United States District Court, D. Arizona

September 18, 2015

Rodney Cabrera De La Rosa, Plaintiff,
v.
Joseph M. Arpaio, et al., Defendants.

ORDER

David G. Campbell United States District Judge

On April 20, 2015, Plaintiff Rodney Cabrera De La Rosa, who is confined in the Arizona State Prison Complex-Florence, filed a pro se civil rights Complaint pursuant to 42 U.S.C. § 1983 and an Application to Proceed In Forma Pauperis. In a May 15, 2015 Order, the Court granted the Application to Proceed and dismissed the Complaint because Plaintiff had failed to state a claim. The Court gave Plaintiff 30 days to file an amended complaint that cured the deficiencies identified in the Order.

On June 8, 2015, Plaintiff filed his First Amended Complaint. In a July 7, 2015 Order, the Court dismissed the First Amended Complaint because Plaintiff had failed to state a claim. The Court gave Plaintiff 30 days to file a second amended complaint that cured the deficiencies identified in the Order.

On July 24, 2015, Plaintiff filed a Second Amended Complaint (Doc. 12). The Court will dismiss the Second Amended Complaint and this action.

I. Statutory Screening of Prisoner Complaints

The Court is required to screen complaints brought by prisoners seeking relief against a governmental entity or an officer or an employee of a governmental entity. 28 U.S.C. § 1915A(a). The Court must dismiss a complaint or portion thereof if a plaintiff has raised claims that are legally frivolous or malicious, that fail to state a claim upon which relief may be granted, or that seek monetary relief from a defendant who is immune from such relief. 28 U.S.C. § 1915A(b)(1)–(2).

A pleading must contain a “short and plain statement of the claim showing that the pleader is entitled to relief.” Fed.R.Civ.P. 8(a)(2) (emphasis added). While Rule 8 does not demand detailed factual allegations, “it demands more than an unadorned, the-defendant-unlawfully-harmed-me accusation.” Ashcroft v. Iqbal, 556 U.S. 662, 678 (2009). “Threadbare recitals of the elements of a cause of action, supported by mere conclusory statements, do not suffice.” Id.

“[A] complaint must contain sufficient factual matter, accepted as true, to ‘state a claim to relief that is plausible on its face.’” Id. (quoting Bell Atlantic Corp. v. Twombly, 550 U.S. 544, 570 (2007)).
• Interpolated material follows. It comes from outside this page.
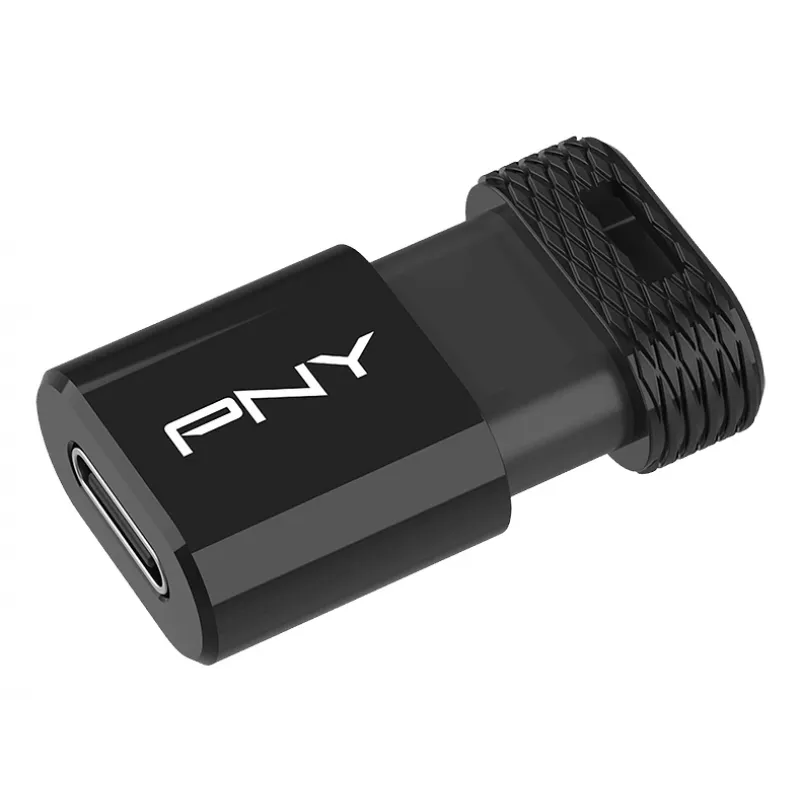 Pen USB PNY Elite-X 256 GB USB Type-C 3.2 Gen 1 (leitura 200 MB/s, escrita 100 MB/s) preto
A claim is plausible “when the plaintiff pleads factual content that allows the court to draw the reasonable inference that the defendant is liable for the misconduct alleged.” Id. “Determining whether a complaint states a plausible claim for relief [is] . . . a context-specific task that requires the reviewing court to draw on its judicial experience and common sense.” Id. at 679. Thus, although a plaintiff’s specific factual allegations may be consistent with a constitutional claim, a court must assess whether there are other “more likely explanations” for a defendant’s conduct. Id. at 681.
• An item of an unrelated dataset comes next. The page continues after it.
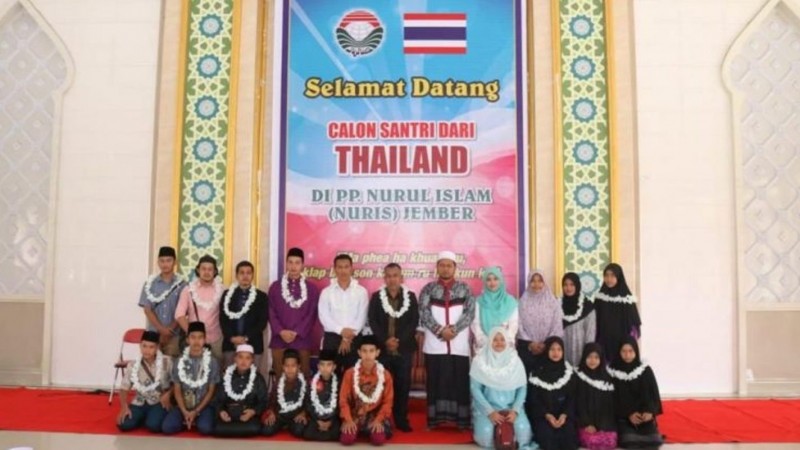 Lagi, 13 Pelajar Thailand Nyantri di Nuris Jember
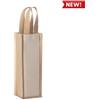 Shopper per bottiglie in cotone laminato e juta personalizzate Present 11 x 35 x 10 cm personalizzate o neutre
But as the United States Court of Appeals for the Ninth Circuit has instructed, courts must “continue to construe pro se filings liberally.” Hebbe v. Pliler, 627 F.3d 338, 342 (9th Cir. 2010). A “complaint [filed by a pro se prisoner] ‘must be held to less stringent standards than formal pleadings drafted by lawyers.’” Id. (quoting Erickson v. Pardus, 551 U.S. 89, 94 (2007) (per curiam)).

II. Second Amended Complaint

In his three-count Second Amended Complaint, Plaintiff names the following Defendants: Maricopa County Sheriff Joseph M. Arpaio and Maricopa County Jail Detention Officers A5115, A6501, A4860, A8013, A2759, and B1492.
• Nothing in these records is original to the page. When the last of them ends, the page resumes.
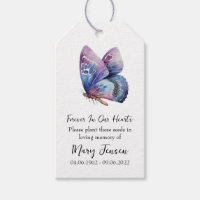 Butterfly Seed Packet Memorial Funeral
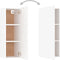 vidaXL - Tv-meubelen - 2 - st - 30,5x30x90 - cm - spaanplaat - wit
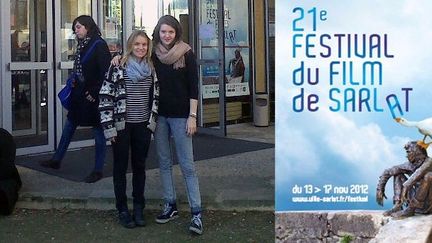 Ambre Mouyna et Louise Lebovici, deux lycéennes heureuses  au festival du film de Sarlat
 (Jeanne de Bergevin)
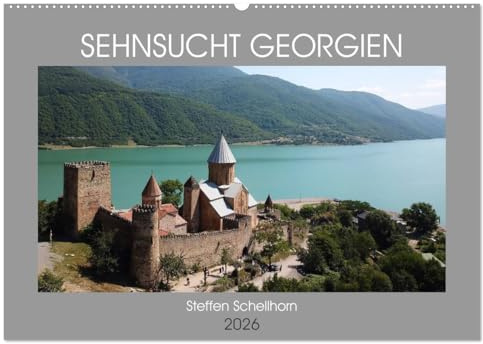 Sehnsucht Georgien (Wandkalender 2026 DIN A2 quer), CALVENDO Monatskalender: Einzigartige Natur und Kultur - das ist Georgien (CALVENDO Orte)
In Count One, Plaintiff claims that while he was confined in the Maricopa County Jail, he was only provided two meals per day. Plaintiff claims Defendant Arpaio approved this practice and that Defendants A5115, A4860, A8013, and A2759 denied his grievances related to the issue and told him that he received 2000-2600 calories per day, which had been approved as nutritionally sufficient. Plaintiff claims the diet was not balanced and compromised his health.

In Count Two, Plaintiff claims temperatures in the jail were “extremely cold.” Specifically, Plaintiff claims that 73.6 degrees is an average room temperature, but that temperatures in the jail were typically between 69 and 70 degrees. Plaintiff claims this threatened his safety by triggering his PTSD.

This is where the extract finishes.